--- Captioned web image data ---
[Start of section]

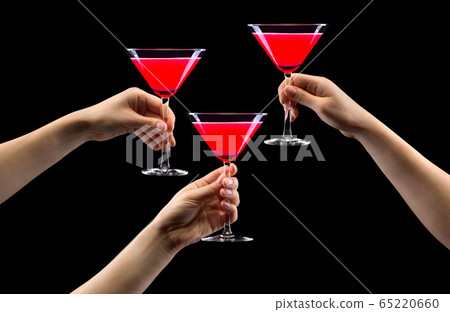 Set of hands holding strawberry martini glass isolated on black. 65220660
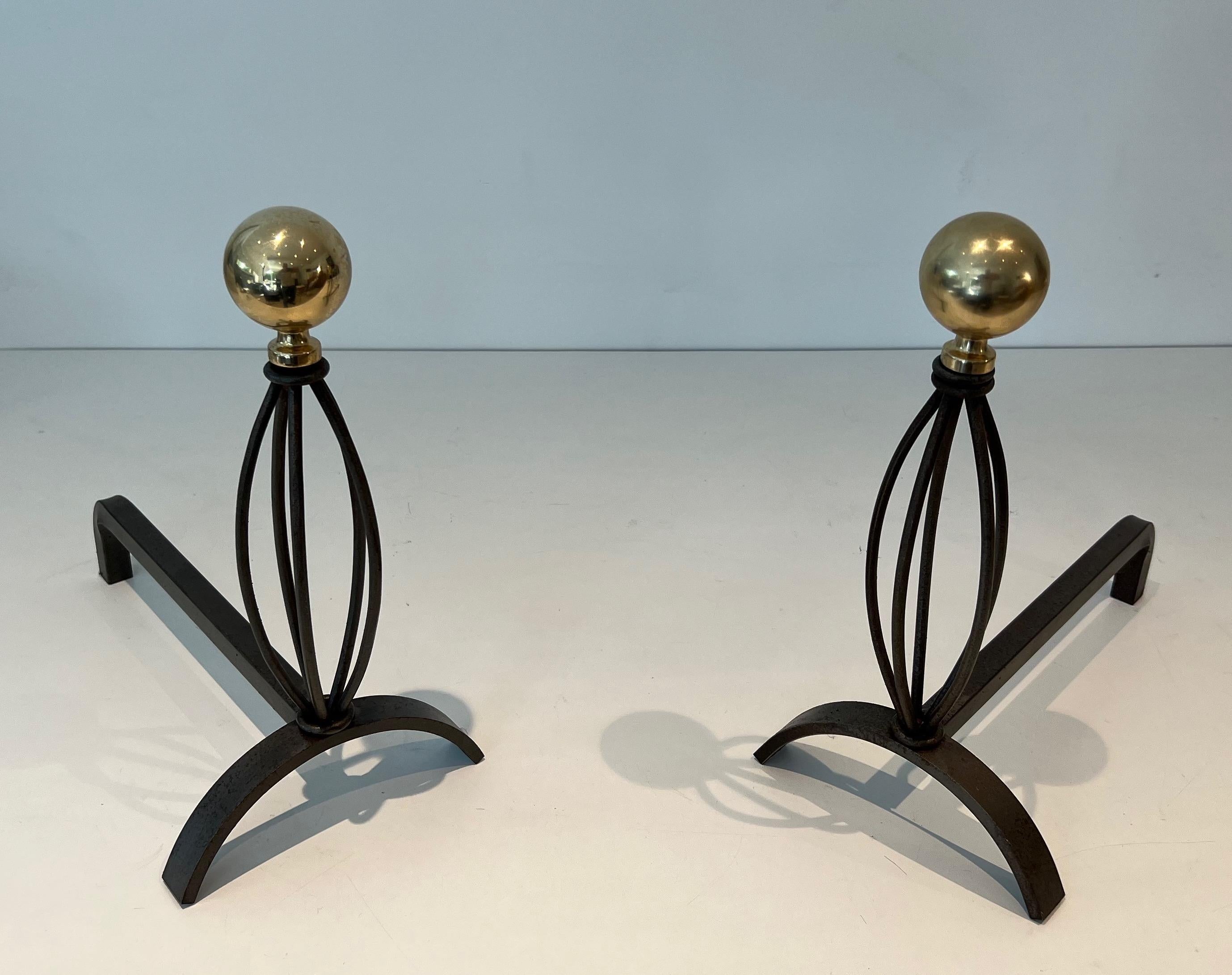 This pair of decorative andirons aere made of wrought iron and brass. This is a French work. Circa 1970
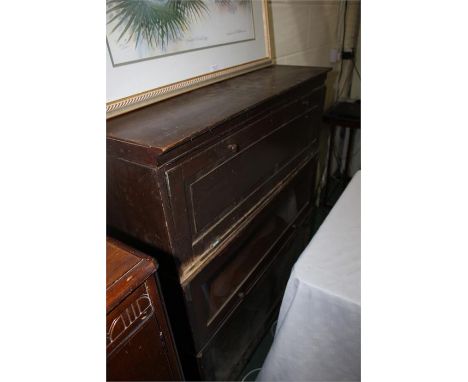 Globe Wernicke style sectional bookcase, consisting of two glazed and one panelled section, with up and under doors, on a non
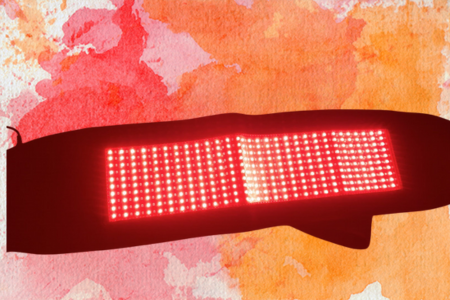 a red light on a colorful background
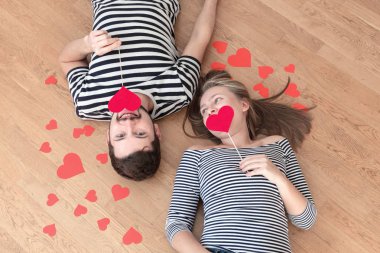 Üstten görünüm genç çift yerde yatarken ve kamera ve gülümseme için arıyorum.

[End of section]

--- TASK ITEM ---
Exact copy, pictures excluded: from the line with "This pair of" up to and including the line with "a red light on a colorful background" in the data above.

--- RESULT FOR THIS TASK ---
 This pair of decorative andirons aere made of wrought iron and brass. This is a French work. Circa 1970
 Globe Wernicke style sectional bookcase, consisting of two glazed and one panelled section, with up and under doors, on a non
 a red light on a colorful background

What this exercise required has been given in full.